Transient overexpression of exogenous APOBEC3A causes C-to-U RNA editing of thousands of genes

Abstract

APOBEC3A cytidine deaminase induces site-specific C-to-U RNA editing of hundreds of genes in monocytes exposed to hypoxia and/or interferons and in pro-inflammatory macrophages. To examine the impact of APOBEC3A overexpression, we transiently expressed APOBEC3A in HEK293T cell line and performed RNA sequencing. APOBEC3A overexpression induces C-to-U editing at more than 4,200 sites in transcripts of 3,078 genes resulting in protein recoding of 1,110 genes. We validate recoding RNA editing of genes associated with breast cancer, hematologic neoplasms, amyotrophic lateral sclerosis, Alzheimer disease and primary pulmonary hypertension. These results highlight the fundamental impact of APOBEC3A overexpression on human transcriptome by widespread RNA editing.
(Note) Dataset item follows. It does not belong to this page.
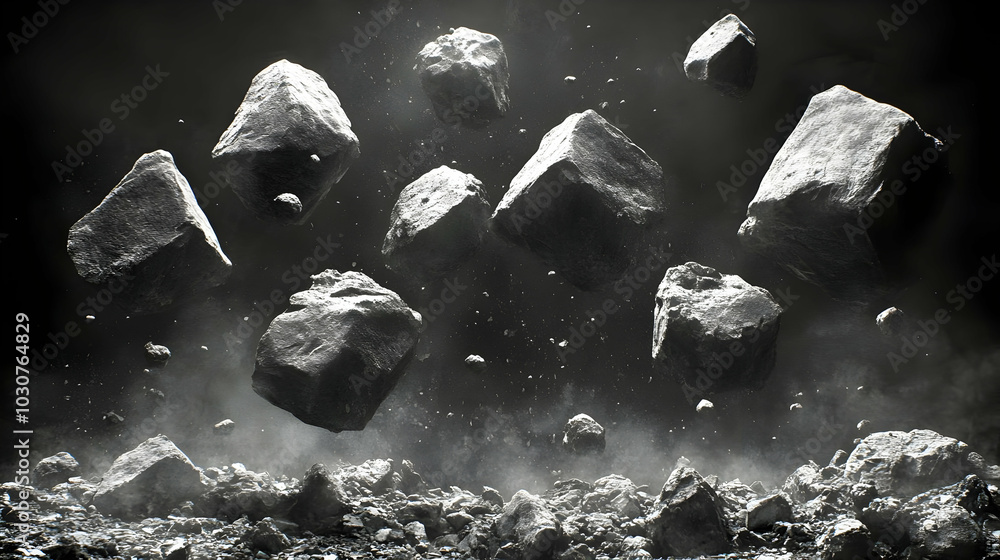 Poster floating rocks in a misty environment create a surreal atmosphere.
Keywords: Cytidine deaminase; RNA editing; RNA seq; disease genes; epitranscriptomics.

Figure 1.

Overexpression of A3A in 293T cells induces c.136 C >U SDHB RNA editing proportional to the increased amounts of A3A plasmid. (A) SDHB c.136 C > U editing levels in 293T cells are shown. The cells are transfected with control empty vector (500 ng) or pA3A at amounts indicated in a 12-well tissue culture plate. Mean and its standard error for n = 3 are shown. (B) Immunoblot showing A3A levels in whole-cell lysates (20 µg protein) of 293T cells transiently transfected with an empty vector control (EV) or increasing amounts of plasmid DNA construct for expression of A3A (pA3A). The A3A protein expression was detected by anti-DDK tag antibody. β-Actin is used as a loading control.

Figure 2.

Sanger validation of C > U RNA editing sites in primary cells identified by low-stringency RNA seq analysis of 293T/A3A cells. RNA editing at the highlighted Cs was validated in monocyte/enriched PBMCs (MEPs; n = 3 donors) treated with hypoxia and IFN1 (HI) for 24 h, in 7 of 19 tested genes. C > T(U) editing is characterized by emergence of a secondary T peak (red) accompanied by a reduction in height of C peak (blue). MEP-N shows lack of editing in a representative sequence chromatogram from control MEP cells maintained in normoxia without IFN1 treatment. Chromatograms for the remaining 12 RNA editing sites that could not be validated in MEPs are shown Fig. S2.

Figure 3.

Salient characteristics of C > (U)RNA editing by A3A in 293T cells (A) Mean and range of editing level at the 4,373 sites identified as targets for A3A-mediated editing are shown for the 3 A3A transfectant samples. The sites are ordered by the mean editing level. (B) Logo indicating sequence conservation and base frequency for sequences bearing the editing sites (at position 0). (C) Histogram of lengths in bases of inverted repeat sequences flanking the editing sites.